Even then, Fatimata did not give up on learning. Married and living within new responsibilities, she kept looking for a way back. “I wanted to grow and to contribute to my community,” she says. “I knew education mattered.”

That opening came through Tostan’s education program taught in Pular, her local language. It was her first time learning outside Portuguese. The shift was immediate.

Lessons focused on literacy, health, human rights, and civic life, grounded in daily realities. “I was curious,” she recalls. “I wanted to understand everything.”

Fatimata joined as a participant, but her commitment stood out quickly. She was chosen as secretary of her group, responsible for recording discussions and documenting activities. The role demanded precision, consistency, and confidence. It also rebuilt something she had lost. Trust in her own capacity to lead.

In 2011, she passed a local-language teaching test and became an instructor. The work was demanding. She traveled across communities, often long distances, sometimes paying transport costs herself. The goal stayed clear. Make learning accessible to women and families who had never been reached before. Her responsibilities expanded in 2018, when she became a supervisor in charge of social mobilization. 

 

Today, she coordinates outreach activities, trains facilitators, and supports education in remote villages. She helps lead radio programs and community discussions on early marriage, gender equality, female genital cutting, environmental protection, and human rights.

The work is not abstract. It depends on relationships built village by village. Fatimata has helped connect communities, creating networks where information moves and collective decisions follow.

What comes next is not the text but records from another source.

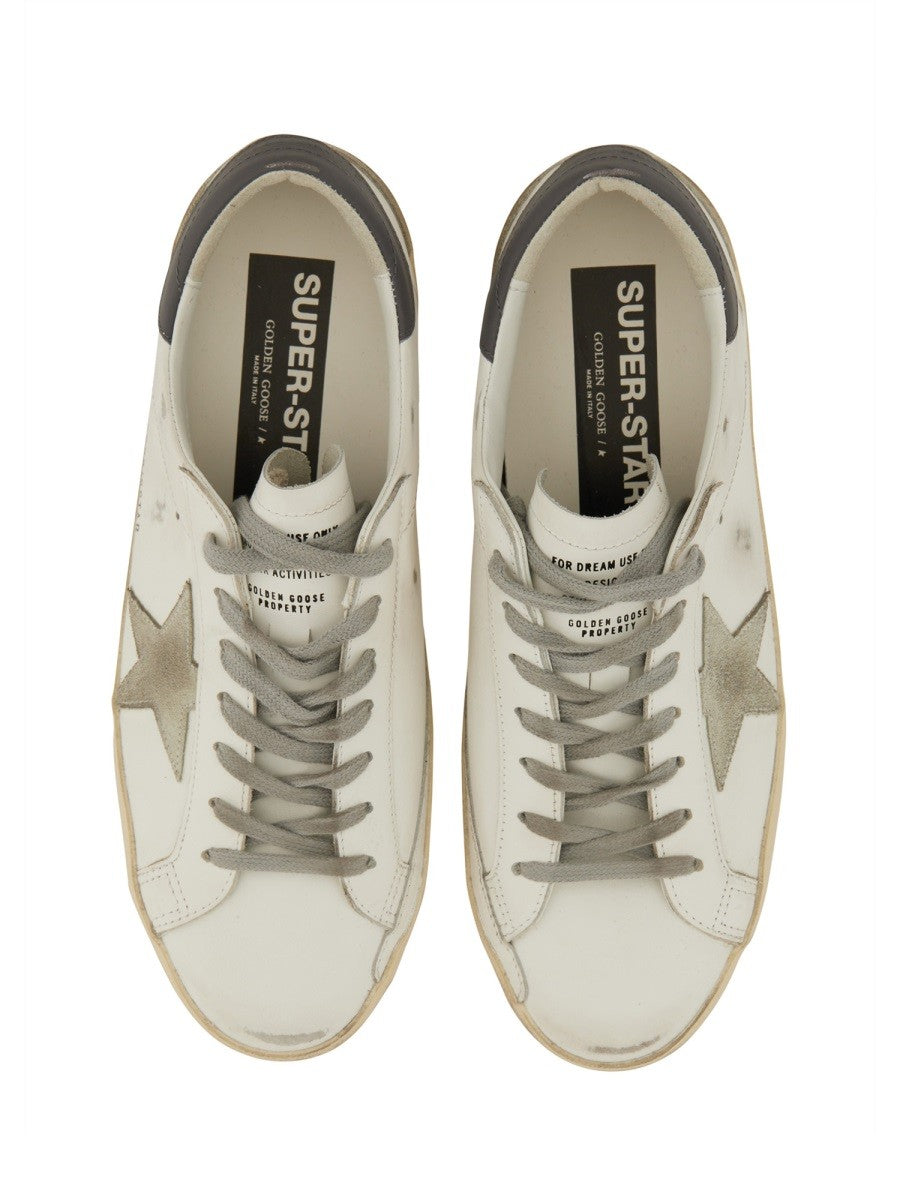 Golden Goose Men's Super Star Sneaker White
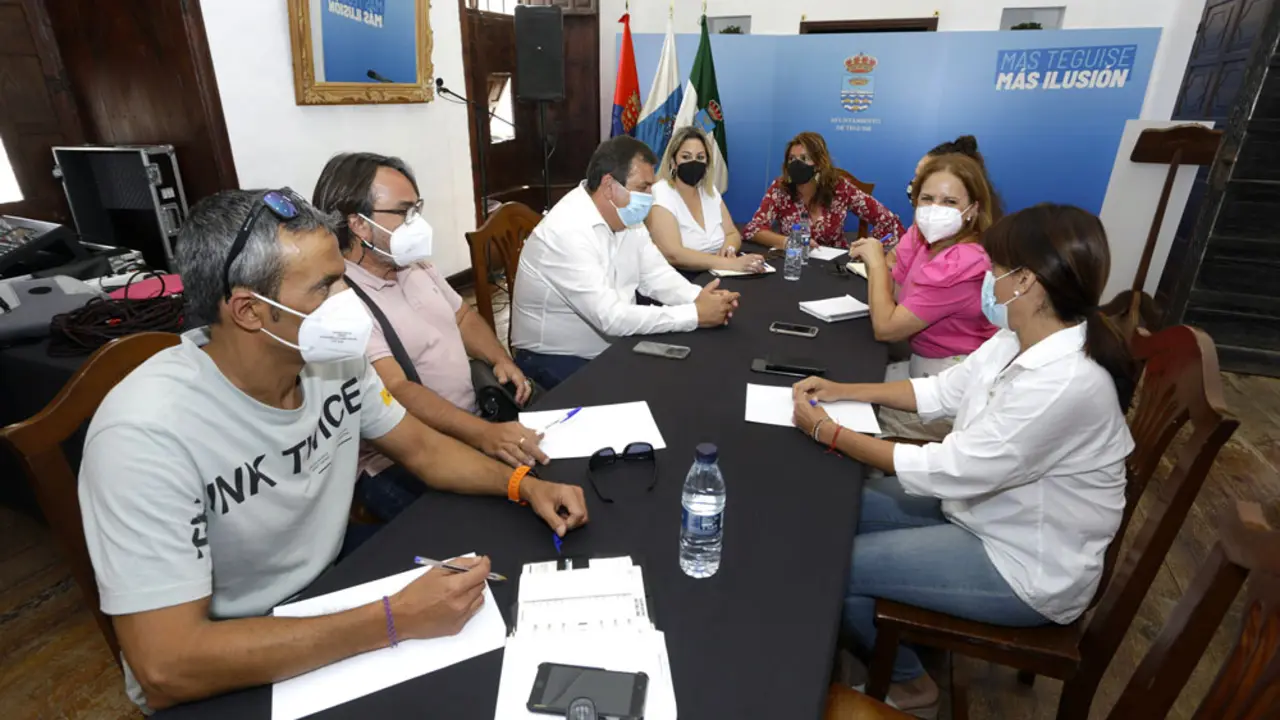 Comisión de la Noche Blanca de Teguise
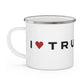 Trumbull Vision Enamel Camping Mug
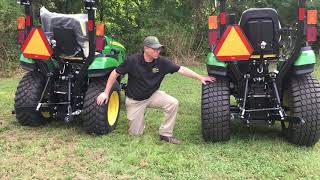 Tractor Tires Radial vs Bias [upl. by Selie]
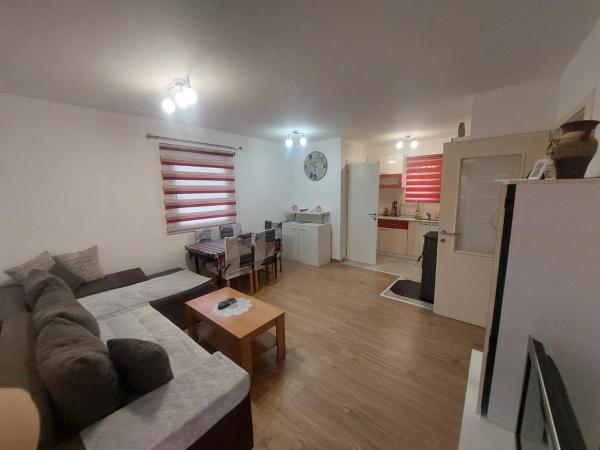 The photo shows the Majestic House located in the city of Gornji Ribnik.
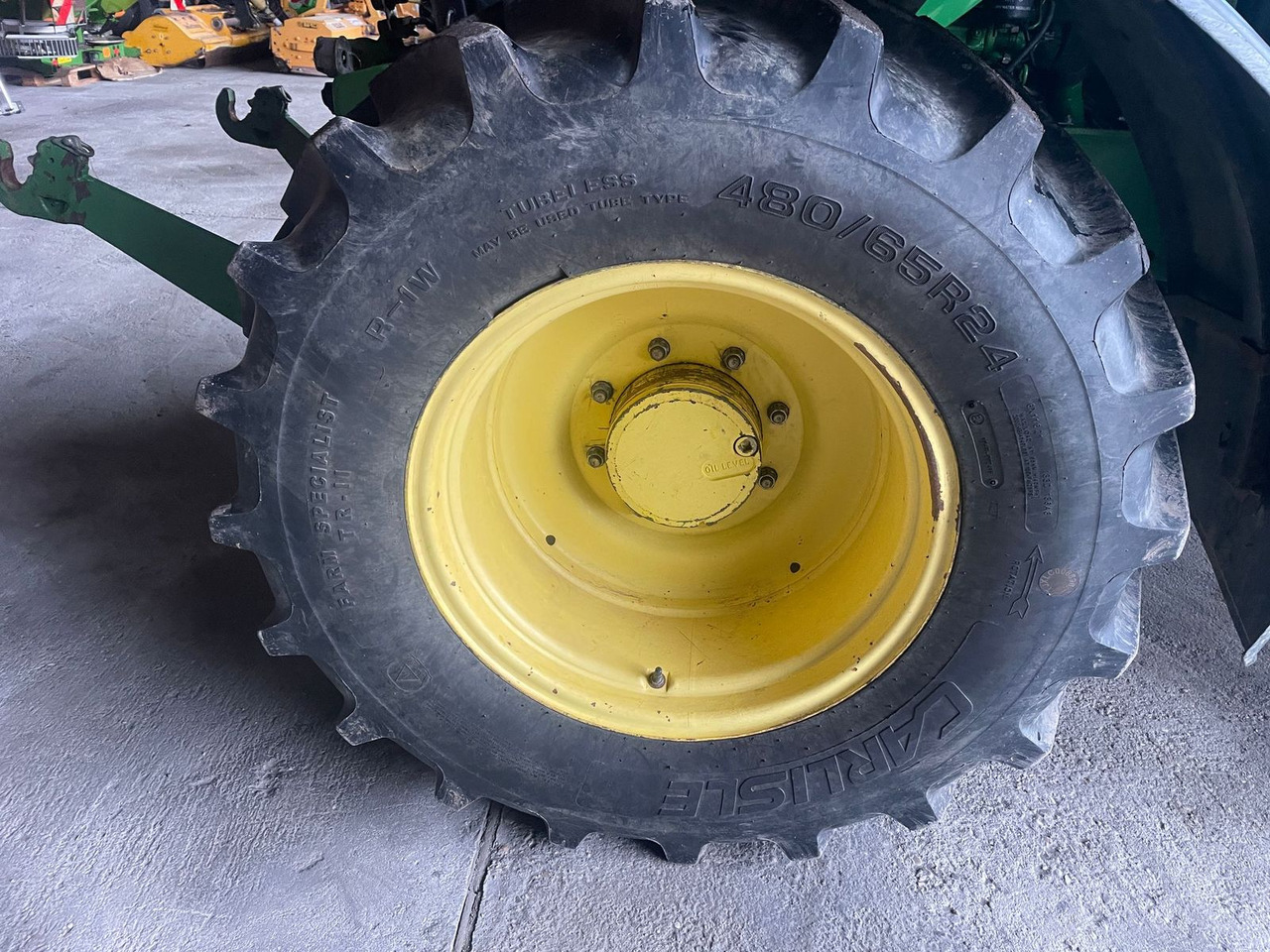 Locação de John Deere 6420 SE  John Deere 6420 SE: foto 8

Without formal higher degrees, she earned credibility through consistency and presence. “I didn’t know I could reach this point,” she says. “Learning showed me that I had a voice.”

For Fatimata, education did not end when marriage began. It changed form. What started as a personal search became a public role. Today, she supports others who face the same early interruptions she once did, proving that when learning adapts to people’s realities, it does not disappear. It finds another way forward.